Oddity Tech surges 7% on $200M share buyback program
Consumer-tech company replaces $150M repurchase plan with larger authorization as shares trade near 52-week low
Oddity Tech shares jumped more than 7% on Wednesday after the consumer technology company announced a $200 million share repurchase program, replacing a previous $150 million authorization and signaling confidence in its stock despite recent market pressures.
The company's board approved the new buyback plan, which represents approximately 25% of Oddity's $804 million market capitalization. The authorization is effective immediately and will replace the company's prior $150 million repurchase program, under which Oddity had already repurchased approximately $97 million, including about $50 million year-to-date, according to the company's announcement.

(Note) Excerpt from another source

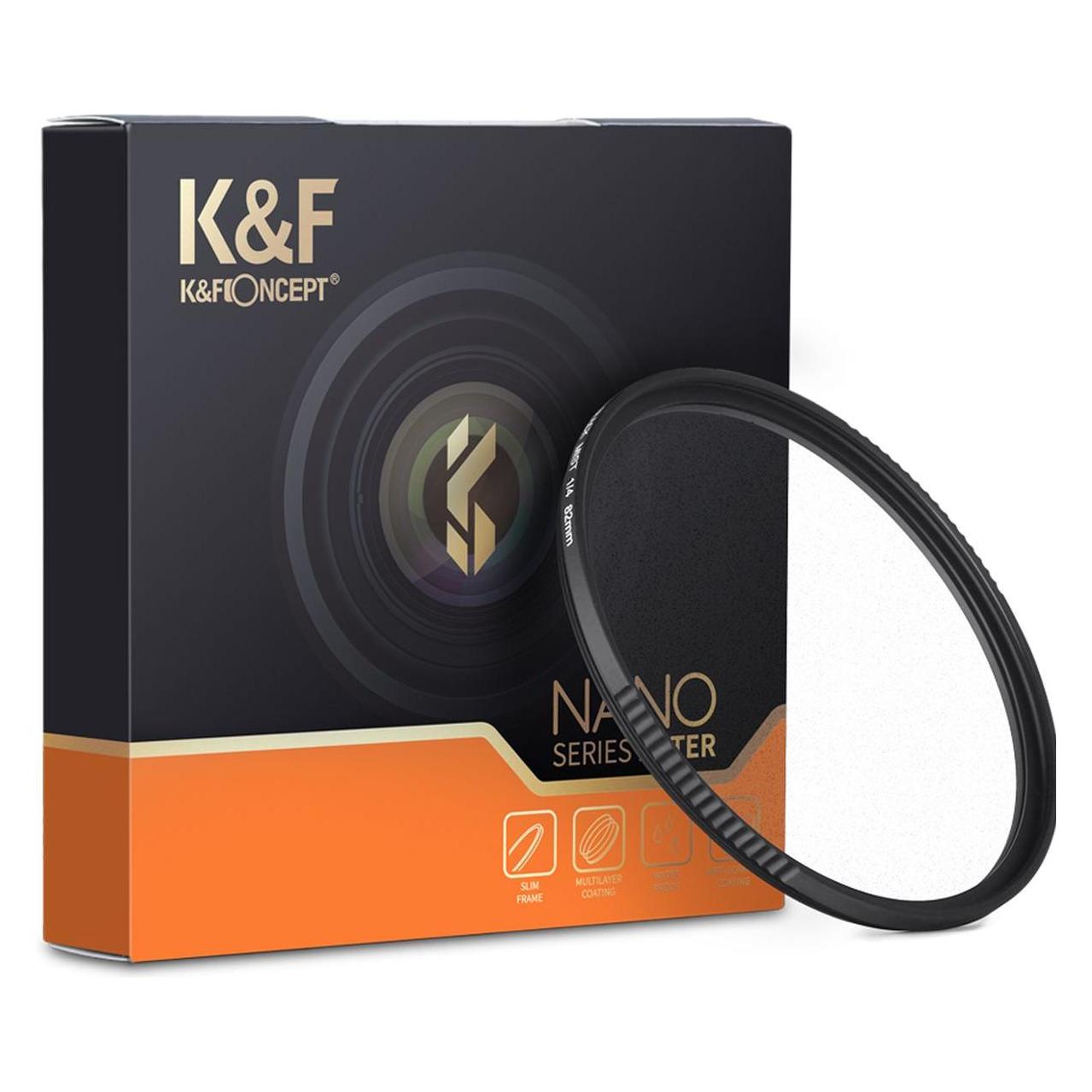 K&F Concept K&F Filter Hd Black Mist 1/4 K&F Diffusion Filter 67mm (67 mm, Black Mist Filter), Objektivfilter, Schwarz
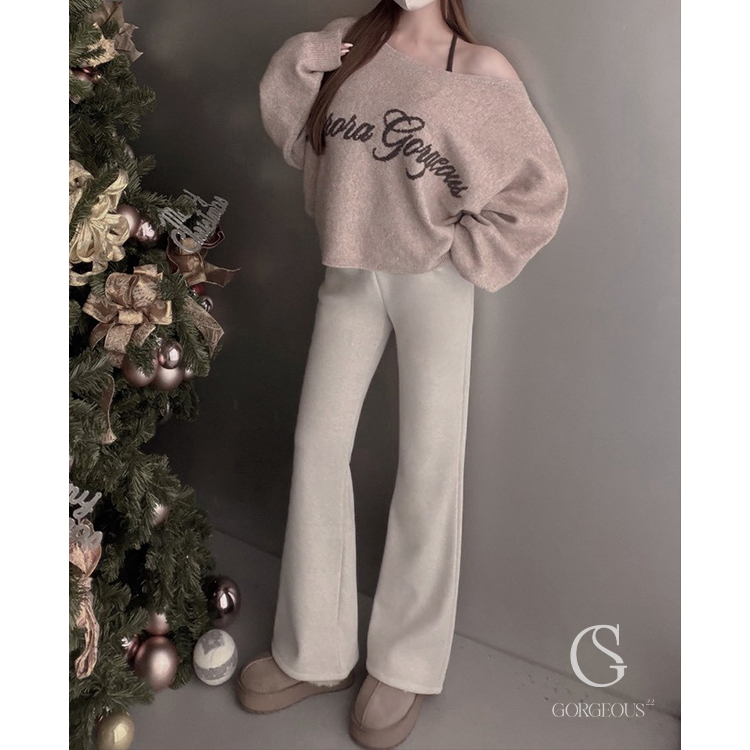 G9785「自訂款`搶先牛奶羊絨保暖長腿褲」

Shares rose 7.9% to $13.54 in afternoon trading, building on momentum from Tuesday's gains. The move comes after the stock had declined significantly following fourth-quarter earnings, when strong results were overshadowed by concerns about the company's 2026 outlook. The stock is now trading well below its 52-week high of $79.18, though above its 52-week low of $10.80 reached earlier this year.
The buyback announcement arrives just weeks after Oddity reported record full-year 2025 results, with net revenue reaching $810 million, a 25% increase year-over-year. Fourth quarter revenue of $153 million marked 24% growth compared to the same period in 2024, while adjusted diluted earnings per share of $0.20 exceeded analyst forecasts of $0.14.

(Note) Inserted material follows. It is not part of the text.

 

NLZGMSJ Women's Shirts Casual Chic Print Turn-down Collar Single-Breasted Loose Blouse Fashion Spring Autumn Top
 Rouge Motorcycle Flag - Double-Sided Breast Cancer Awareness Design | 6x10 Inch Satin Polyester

Despite these operational achievements, the company's shares had struggled after management issued a cautious outlook for early 2026, citing challenges with its largest advertising partner and rising user acquisition costs. The new repurchase program appears designed to address investor concerns by returning capital and signaling management's belief that the shares are undervalued at current levels.
Oddity Tech, the Israeli parent company of beauty brand IL MAKIAGE and SpoiledChild, has focused on building brands internally rather than pursuing acquisitions. In 2025, the company launched two new brands, including MethodIQ in the fourth quarter, expanding its portfolio beyond its core makeup and skincare offerings. The company uses artificial intelligence and data analytics to develop and market beauty products, positioning itself at the intersection of technology and consumer goods.
Analysts remain broadly positive on the stock, with 8 of 11 analysts rating it a buy or strong buy, according to market data. The consensus price target of $18.22 suggests potential upside of more than 34% from current levels, despite the recent volatility. The company's price-to-earnings ratio of 7.77 times trailing earnings compares favorably to many consumer technology peers, while its 13.7% profit margin demonstrates healthy operating leverage.
The new buyback authorization, which expires on March 31, 2029, or when the allocated funds are fully utilized, provides management with flexibility to repurchase shares based on market conditions and the company's assessment of intrinsic value. Repurchases can occur through open market transactions, Rule 10b5-1 trading plans, or privately negotiated transactions, though the plan does not obligate the company to repurchase any specific number of shares.
For investors, the combination of strong revenue growth, expanding brand portfolio, and aggressive capital return program presents a compelling opportunity. However, the company's ability to navigate its advertising partnership challenges and stabilize user acquisition costs will be critical factors to watch in the coming quarters. With the buyback providing a backstop for the stock and revenue growth remaining robust, Oddity Tech appears to be taking decisive steps to restore investor confidence.